In a narrative verdict, Mr Solomons said he was “unable to reach a conclusion” as to what Paul’s intentions were on the day he died.
After the inquest Paul’s mum, Patricia Bannon, a former nurse, said she did not think her “loving” son realised how popular he was.
She said: “His workmates always called him ‘Champ’ because he went out of his way to help.”
Paul’s sister, Zoe, described him as a “lovely, kind man who would always go out of his way to help others, which was shown by the number of people who attended his funeral”.
Patricia said the family organised a donation in his name to Southridge Animal Centre as he was very good with animals, and when not working in distribution for Booker’s, in Hatfield, led a life which revolved around rescue dogs.

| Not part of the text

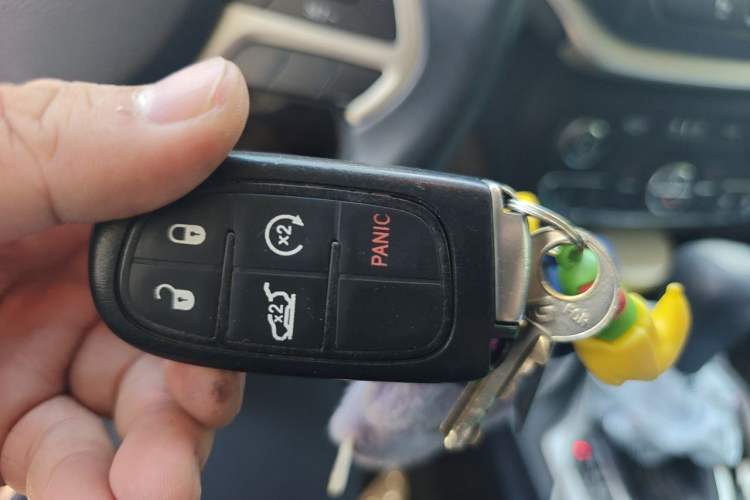 Used Jeep Cherokee 2017 2.0L Superior Edition Vehicle Key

Zoe said: “We felt he was a soft touch for the puppy dog eyes that peered at him through the bars.”
His former co-workers supported a collection for the donation, which resulted in Paul’s family giving a cheque for £855 to the RSPCA animal centre in Potters Bar last Friday.
Patricia explained that the family had for many years provided a home to rescue dogs, most of which have come from Southridge.
She added: “Paul was a natural with animals. He was six foot four, a big guy, and dogs regarded him as an alpha male.”
In a touching tribute to her brother Zoe said: “It gives us as his family a sense of inner peace knowing that the money donated will not only go to a worthy cause but one that Paul held close to his heart and that his unfortunate end wasn’t totally in vain.”
Patricia added: “We are doing something positive in his memory.”